To solve this equation we use sin x formula and substitute method.

Solution: 

\int \frac{\sin x-\cos x}{\sqrt{\sin 2 x}} d x                                            \left[(\cos x+\sin x)^{2}=\cos ^{2} x+\sin ^{2} x+2 \cos x \sin x\right]=1+\sin 2 x

                                                                        \left[\sin 2 x=(\cos x+\sin x)^{2}-1, \quad t=\cos x+\sin x, \quad d t=(-\sin x+\cos x) d x\right.

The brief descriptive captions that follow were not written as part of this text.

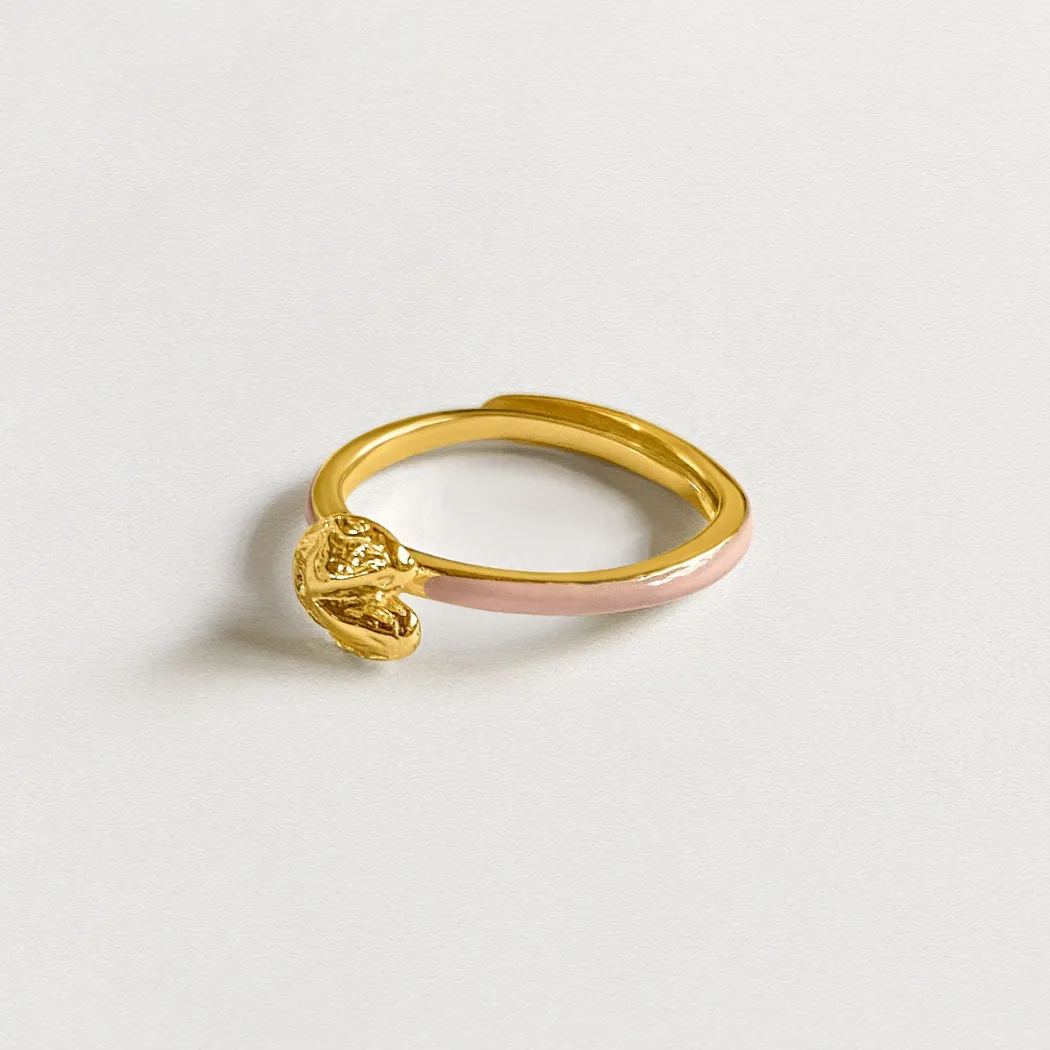 Fortune Cookie Gift Set (Blush) - Gold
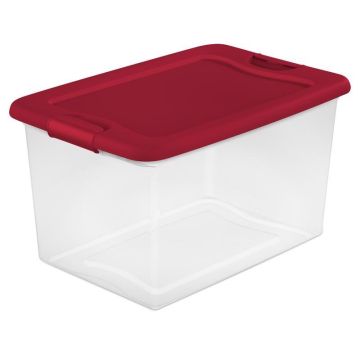 Sterilite, Latching Storage Box, 16 gallon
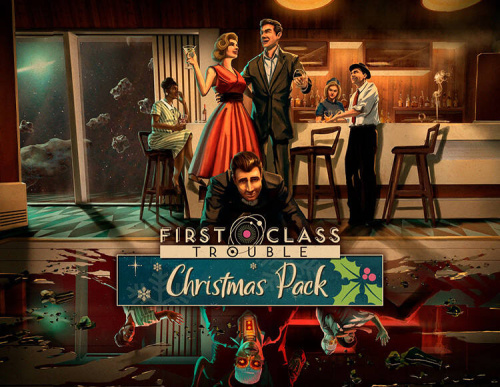First Class Trouble Christmas Pack (PC)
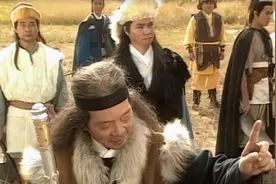 别被郭靖骗了，跟江南七怪学武10年不成，可不是因为他笨图片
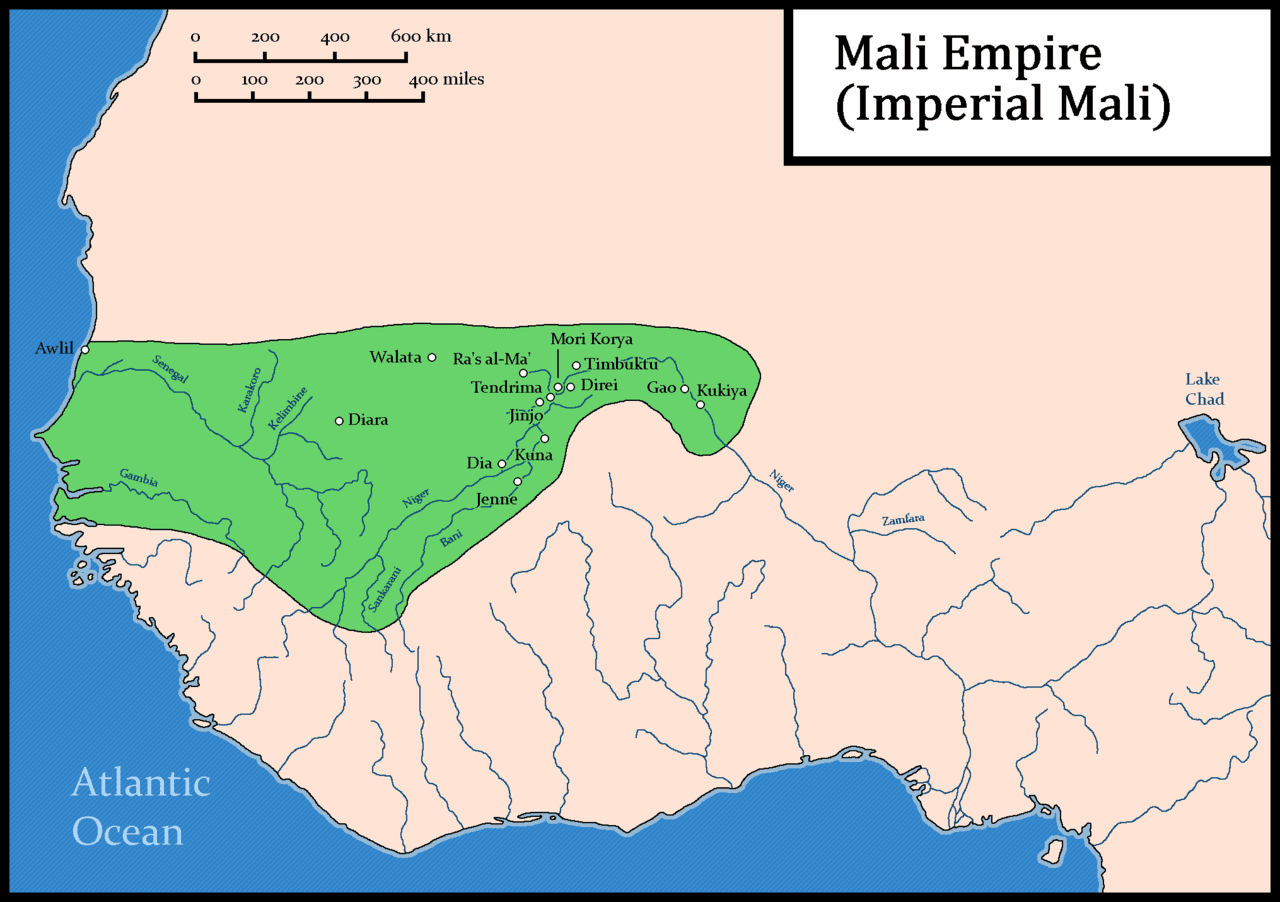 Moment image for The Mali Empire's Status as the Wealthiest Nation in Historical Context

=\int \frac{\sin x-\cos x}{\left(\sqrt{ \left.(\cos x+\sin x)^{2}-1\right)}\right)} d x

Let  t=\cos x+\sin x, \quad d t=(-\sin x+\cos x) d x

=-\frac{d t}{\sqrt{t^{2}-1}}                                          \left[\because \frac{1}{\sqrt{t^{2}-a^{2}}} d t=\log \left|t+\sqrt{t^{2}-a^{2}}\right|+c\right.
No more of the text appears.